Reading the final verse, there are similarities between Yeats poem and Poussin’s picture. The final verse of Yeats’ meditation on the “after-life according to neo-platonic doctrine” (A . Norman Jeffares, Yeats: Selected Poetry ) describes the erotic play in the foam which is also happening in the painting:
Slim adolescence that a nymph has stripped,
Peleus on Thetis stares.
Her limbs are delicate as an eyelid,
Love has blinded him with tears;
But Thetis' belly listens.
Down the mountain walls
From where Pan's cavern is
Intolerable music falls.
Foul goat-head, brutal arm appear,
Belly, shoulder, bum,
Flash fishlike; nymphs and satyrs
Copulate in the foam.
Why no mention of Acis and Galatea? Because Yeats was thinking of an early identification of the picture as “Peleus and Thetis” that was eventually shown to be incorrect. Yeats seems to be mistaking Polyphemous ( jilted lover of Galatea) for Pan according the earlier title and the two lovers for Peleus and Thetis. The love-making in the surf could relate to either subject I suppose.

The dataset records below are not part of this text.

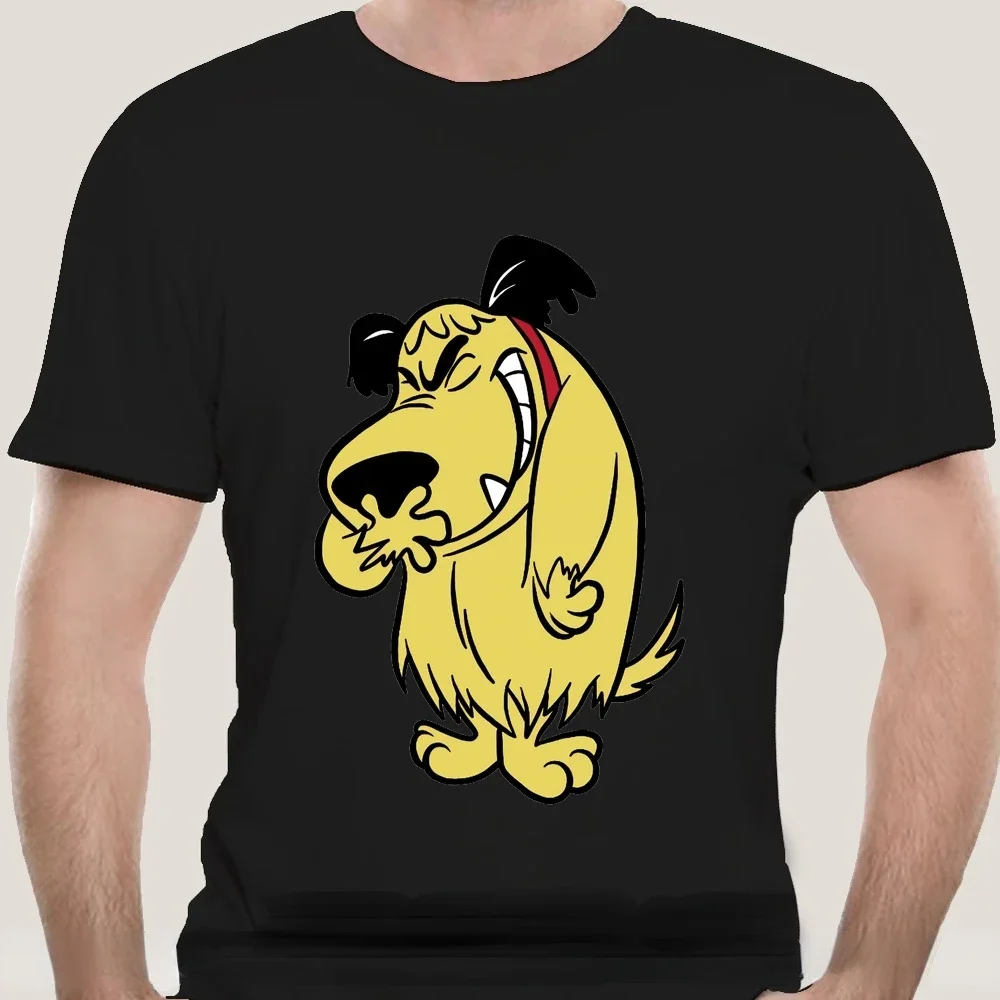 Men Clothing Oversized T-Shirt Retro Tee Muttley Mutley Cartoon Laughing Laugh Dog Humor Hihi Heehee Haha Fashion T shirt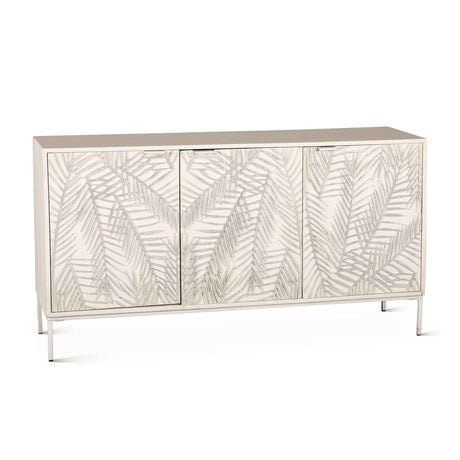Fern 57" Sideboard with Three Doors in Coastal White by Home Trends & Design at Eve Furniture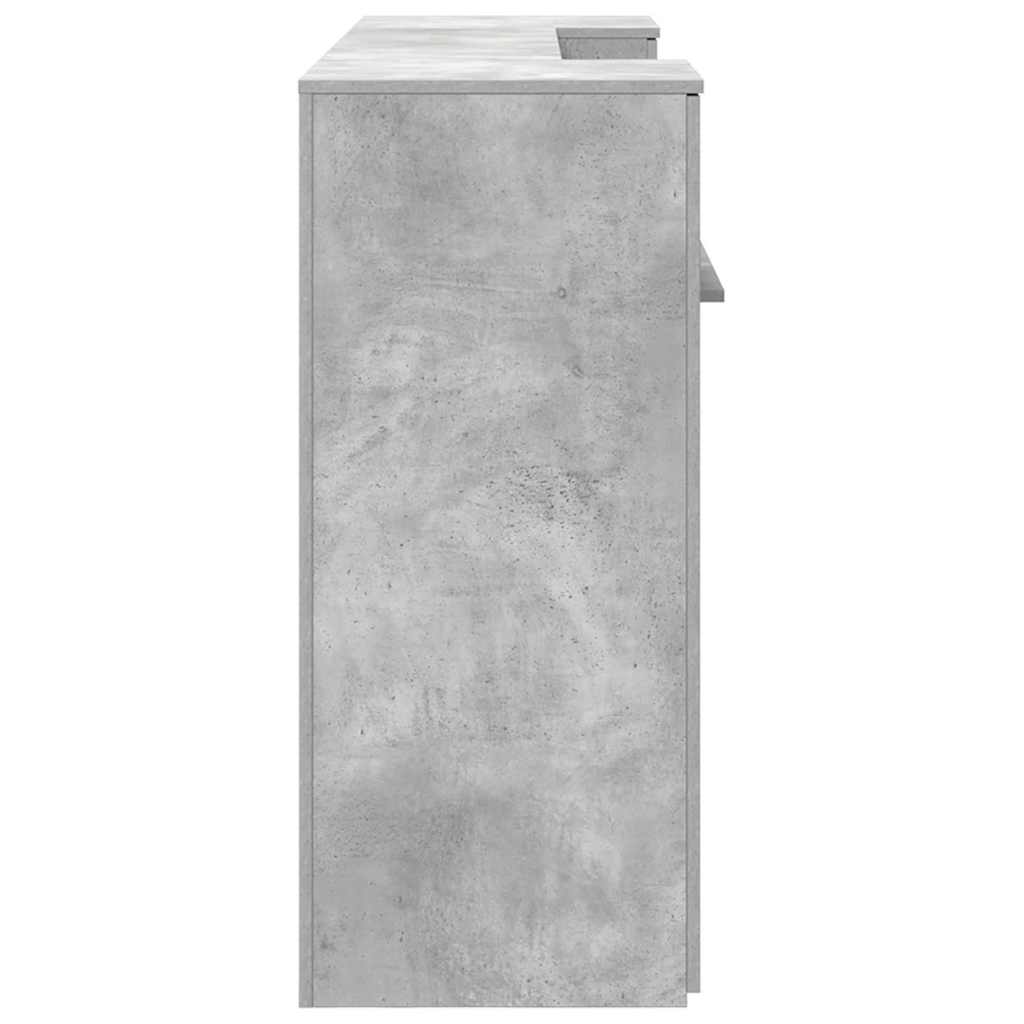 receptionsskranke 200x50x103,5 cm konstrueret træ beton grå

It is known from Poussin’s correspondence he was thinking of a project of the subject of the “Marriage of Peleus and Thetis” for his first important patron Cassiano dal Pozzo, but it hasn’t survived if it was ever executed.
In his CR of 1966 Blunt notes that the picture on “various ocassions” was called Peleus and Thetis”. I don’t know if Blunt knew of the link between Yeats and Poussin- but he would hardly have approved. AB was famously reluctant to see Poussin as an erotic painter, still less as raw material for a modern philosophical poet with erotic leanings.
The portrait of Yeats (1907) is by Augustus John and is in the Tate.